Acoustic Coupler

Abstract

An acoustic coupler assembly for coupling a telephone handset to a terminal. The assembly contains a housing member of rubber having a plurality of soft foam washers which attach it to the base. The upper portion of the housing has an aperture which contains a tapered resilient sleeve having an inner diameter which corresponds to the outer dimension of a telephone handset. The sleeve is spaced from the wall of the housing so that it can accommodate the various shapes of handsets in use. A ridge at the base of the sleeve provides a limiting action and prevents the handset from being inserted too far.

Description

BACKGROUND OF THE INVENTION

Acoustic couplers have come into common use for the purpose of coupling a terminal to a computer where the terminal is not in constant use or the distance is too great to permit a direct wire connection. These devices include a pair of transducers which coact with the telephone handset to transmit and receive the audio tones which convey the desired information. Since the signals on the telephone lines must be held to a low level to prevent undesirable effects such as crosstalk and overloaded amplifiers, the transducers must accurately couple the maximum acceptable level signal into and from the handset. It can be appreciated that the signal to noise ratio will be adversely affected if environmental noise is allowed to reach the transducer associated with the telephone receiving element. Similar adverse effects will occur if the background noise or vibration is allowed to reach the telephone transmitter. The problem is one of assuring that the maximum degree of coupling is achieved between the transducers and the handset while maintaining the maximum isolation of the transducer handset combination from the effects of environmental noise and vibration.

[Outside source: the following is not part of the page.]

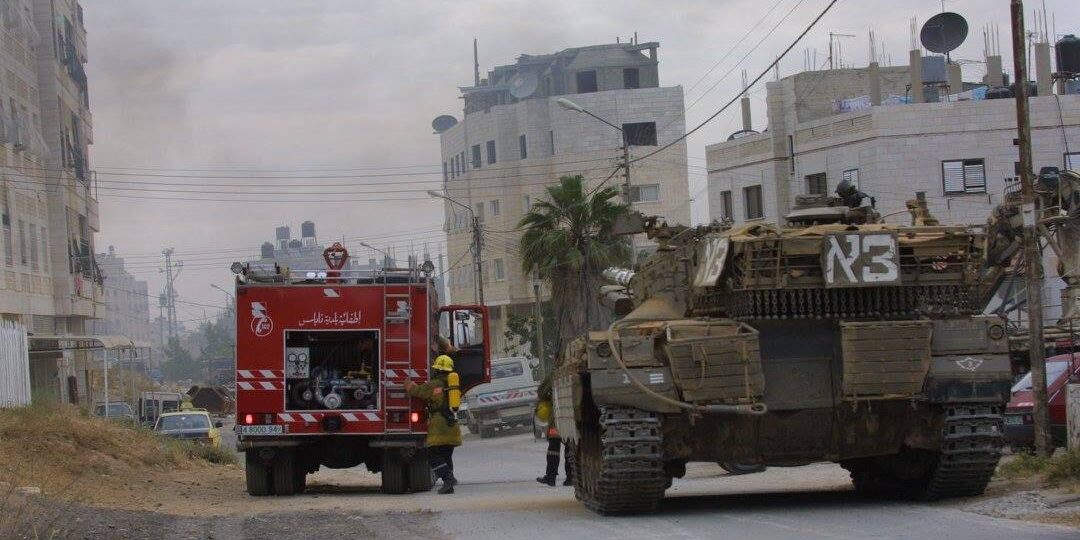 This image depicts a Palestinian fire truck next to an Israeli Defence Forces (IDF) armoured vehicle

The problem has been recognized for some time and efforts have been made to provide an acceptable device. A common approach to the problem has been to provide a ring of sponge-like rubber or similar material to hold the handset in close proximity to the transducer. This version suffers from poor isolation from background noise and rather inefficient coupling between the handset and the transducer. Another device utilizes a soft, nonporous washer to provide a seal between the handset and the transducer. In this type of device it is only the weight of the handset which acts to compress the washer and the seal obtained is, therefore, very poor.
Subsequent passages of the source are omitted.